A computer program (SOAP) that progessively evaluates the hydrophilicity and hydrophobicity of a protein along its amino acid sequence is described by J. Kyte and R. F. Doolittle, J. Mol. Biol., Vol. 157, pp 105-132 (1982), which is incorporated herein by reference.
T. Hopp has reported that the most hydrophilic portion of a protein molecule will be the most exposed on the surface of a protein and will constitute an antigenic determinant. Only the most hydrophilic region was reported to be an antigenic determinant (Immuno., Vol. 76, No. 6, pp 3824-28, published June 1981). Hence, this predictive technique is said to yield only one antigenic determinant on the molecule. In a more recent publication, Hopp retracted this claim, see Genetic Engineering News, vol. 1, p 1 (1981).
Another group has reported that the same approach, i.e. calculation of regions of minimum hydrophobicity (therefore, maximum hydrophilicity) using essentially the program of Kyte and Doolittle, predicts antigenic determinants. (See, for example, R. A. Lerner, et al., Cell., Vol. 23, pp 309-310, published in 1981).

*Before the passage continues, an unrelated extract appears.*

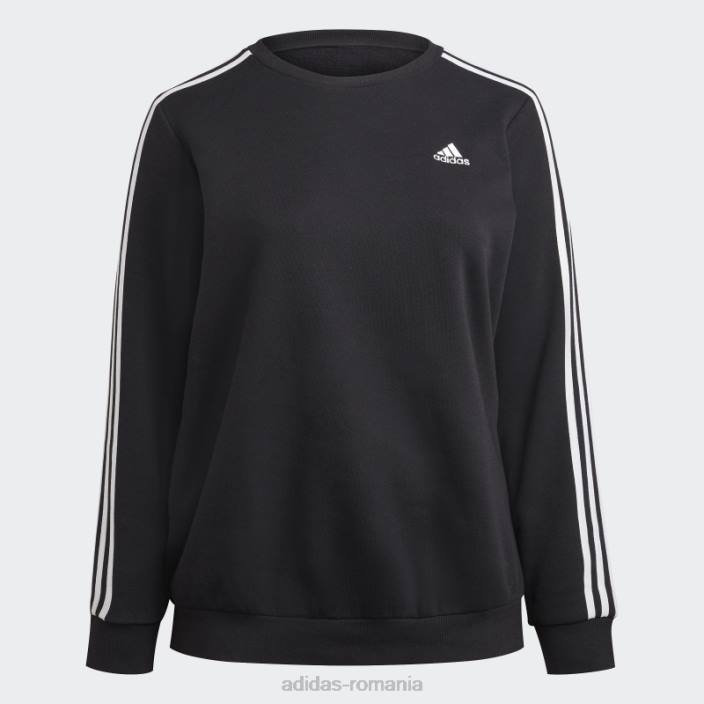 Adidas hanorac negru din lână cu 3 dungi (plus mărime) femei alb negru 2JBN9893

In practice the latter group synthesized overlapping fragments constituting the entire length of the protein chain.
The preparation of antigenic hapten-carrier conjugates has been discussed by B. F. Erlanger in Methods in Enzymology, Vol. 70, pp. 85-104, published in 1980 by Academic Press, Inc. of New York, N.Y.; and the structure and specificity of synthetic polypeptide antigens is discussed by M. Sela in the Ann. N.Y. Acad. Sci., Vol. 169, pp 23-35 (1970).

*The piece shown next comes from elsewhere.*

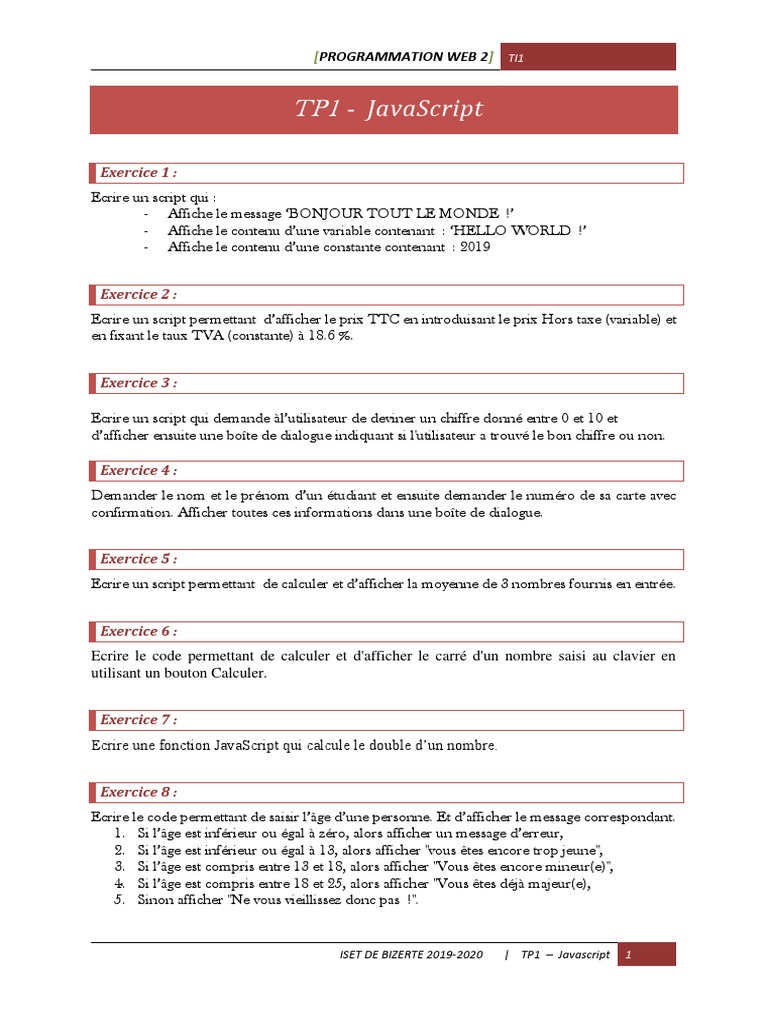 Exercices de JavaScript pour débutants | PDF | JavaScript | Taxe sur la ...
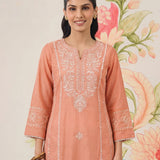 Zainab Light Orange Cotton Blend Embroidered A-line Kurta Set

The problems associated with the development of synthetic polypeptide vaccines is discussed by A. J. Zuckerman in Nature, Vol. 295, pp 98-9, published Jan. 14, 1982; and by N. Wade in Science, Vol. 213, pp 623-8, published Aug. 7, 1981.
G. R. Dreesman et al., in Nature, vol. 295, pp 158-160, published on Jan. 14, 1982, discusses the selection and preparation of synthetic polypeptides which elicit an antibody response for hepatitis B surface antigen in mice after a single injection. The amino acid sequences described are different from the sequences of a natural protein.

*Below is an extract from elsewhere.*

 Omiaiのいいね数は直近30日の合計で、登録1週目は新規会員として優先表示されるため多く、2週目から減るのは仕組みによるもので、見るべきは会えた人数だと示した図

Antibodies specific for the amino and carboxyl-terminal portions of simian virus 40 large T antigen are obtained by the immunization of rabbits with synthetic peptides corresponsing to these regions. The procedures used in the preparation of antibodies specific for the ends of large T antigen with synthetic peptides as antigens are discussed by G. Walter et al., Proc. Natl. Acad. Sci. USA, Vol. 77, No. 9, pp 5197-5200, published in September, 1980.
The synthesis of antigenically active polypeptides and a process for their manufacture are described in U.S. Pat. Nos. 4,327,075 and 4,193,915, which are incorporated herein by reference. Additional related information is also found in the foreign patent literature; e.g., EPO Patent Nos. 13 828 and EPO 44 710, which are incorporated herein by reference.
This invention will provide a cheaper, more efficient method of producing biologically active polypeptides or their conjugates which are useful in the diagnosis and treatment of diseases in mammals. Further, the synthetic vaccines containing polypeptides described herein would be purer and safer than conventional vaccines, which presently consist of the killed or attenuated whole virus and sometimes debris from the culture medium as well. Such synthetic vaccines will also be safer to manufacture since the risk of contamination of the site with pathogens will not be present.